I find it more surprising that Rome is north of New York City

London is further north than Calgary.

The Nirvana vs. Beatles, Happy Days from today, SR71’s to Wright Brothers and Apollo flights all point to the same phenomena of massive changes happening c. 50 years ago.

There are 52! (52x51x50x49… all the way to 1) unique ways in which a deck of playing cards can be ordered. That is a number greater than the number of atoms that make up all the matter in the solar system.
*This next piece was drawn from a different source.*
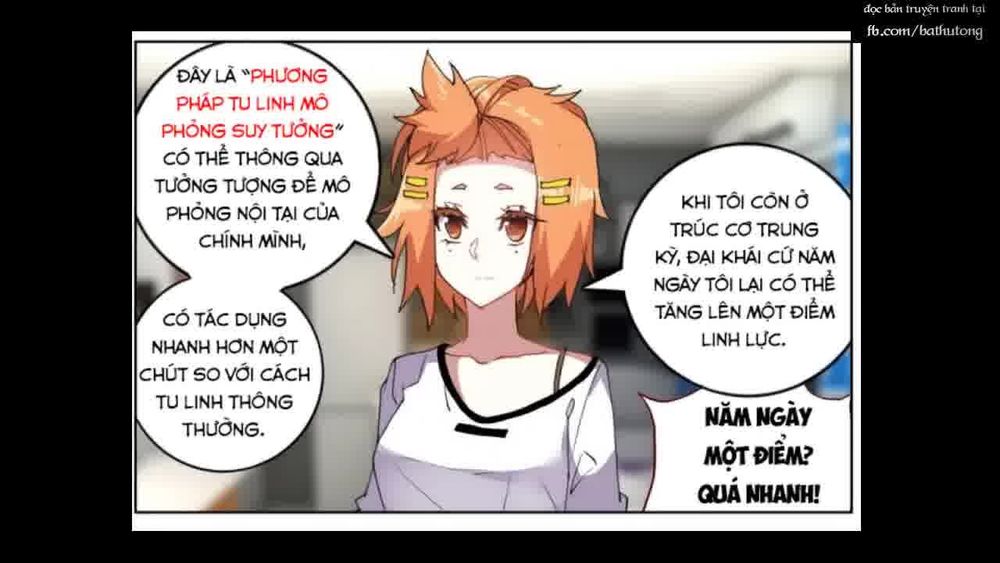 Dị Tộc Trùng Sinh Chap 44 - Next Chap 45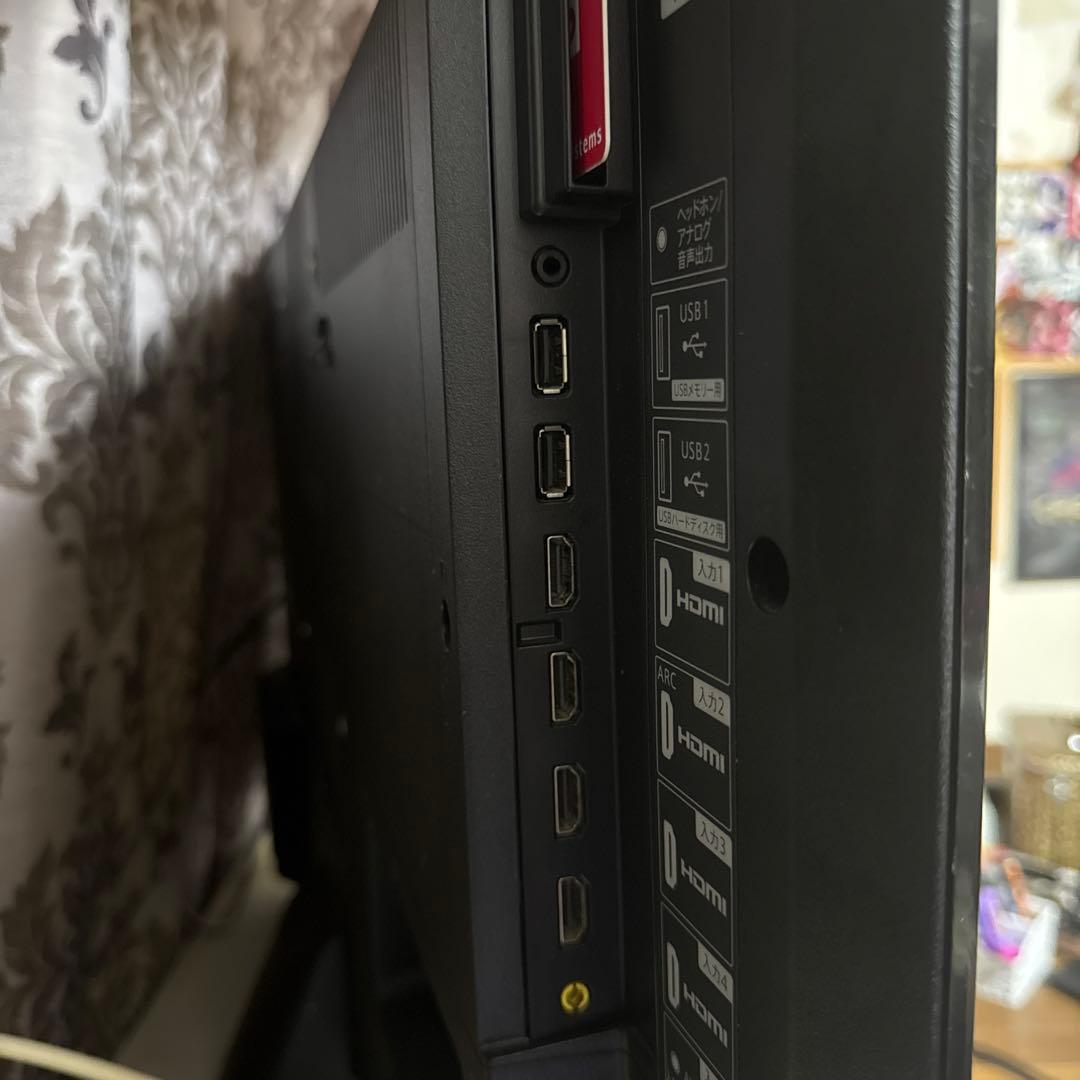 SHARP 4T-C40AJ1 液晶テレビ 2019年製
My family once went on a hunting trip, on a ranch owned by a relative. We passed by a peculiar arrangement of rocks. It was the foundation of a house that my great grandparents had built when they were homesteading. My brother and I noted that the entire house had been smaller than our bedroom.
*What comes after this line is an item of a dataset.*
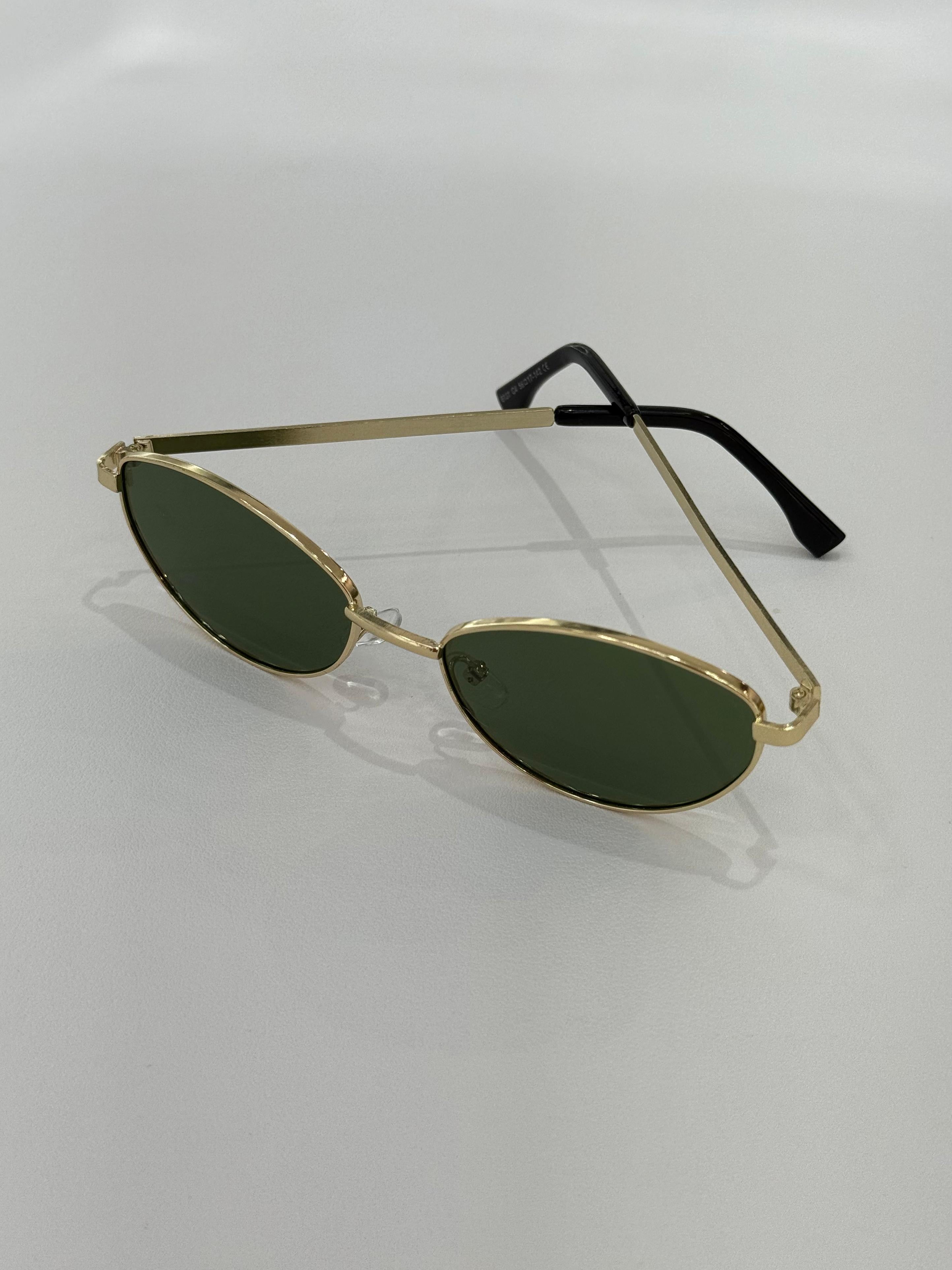 Kiss Gold verde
Actually, a bit more than that.

Heart disease kills over 650,000 Americans each year. My kid’s school doesn’t cancel their Krispy Kreme donut fundraiser sale.

I also don’t believe the “500k deaths were preventable” because “experts” had also predicted that if Clinton was in the White House “we’d only have a few thousand dead at most” in 2020. Nobody can accurately predict this. It really seems like somebody just looked at Western countries statistics that had the best COVID policies (Australia, New Zealand) and just assumed the US could have done the exact same thing full stop.

I had a German friend who absolutely freaked out when he realized my daily commute one way was 75 miles one way …

Most Europeans just don’t understand american car culture isn’t always about how fast/pretty/macho ones car is, we own cars because we simply do not have dependable mass transportation. If I were to try to get to my final job in Hartford, I would have to figure out how to get 5 miles into town, then pick up the bus from there to Hartford center, then from Hartford Center out to East Hartford … or roughly 3 hours per 50 mile commute - a car is about 60 minutes of commute.

This is not how it works. These sorts of numbers come from modeling what would have happened with better adherence to the health guidelines, e.g. better mask and vaccine adherence. The masking study I remember modeled 95% mask compliance, for example. Back when only 100,000 were dead, it said 50,000 of the deaths could have been prevented if that many people would have worn masks.

It wouldn’t matter who was president. If the same number of people didn’t mask, then there would be the same number of preventable deaths from masking. The 500,000 number is more long term and includes deaths that would have been prevented by vaccines, too.

Excellent interactive about the size of the solar system (particularly the spaces between the planets).

If the Moon were Only One Pixel

(you have to scroll right - and try the Speed of Light option bottom right).

We do understand that. We just don’t understand why you don’t have decent mass transportation.

Because of the car culture.

The last “circus fat man” weighed about 600 lbs.

The “circus sideshow” is alive and well - on television.

(I’d hoped to find a reliable statement of how many 600 lb people there are now – but all I can find is “obesity rates”.)

I remember learning, as a kid in the 1960s, that one of the local team’s football players weighed over 300 lbs. I was astounded. He must have been one of the heaviest guys on earth! Now you can’t swing a dead aardvark without hitting a 300 pound lineman.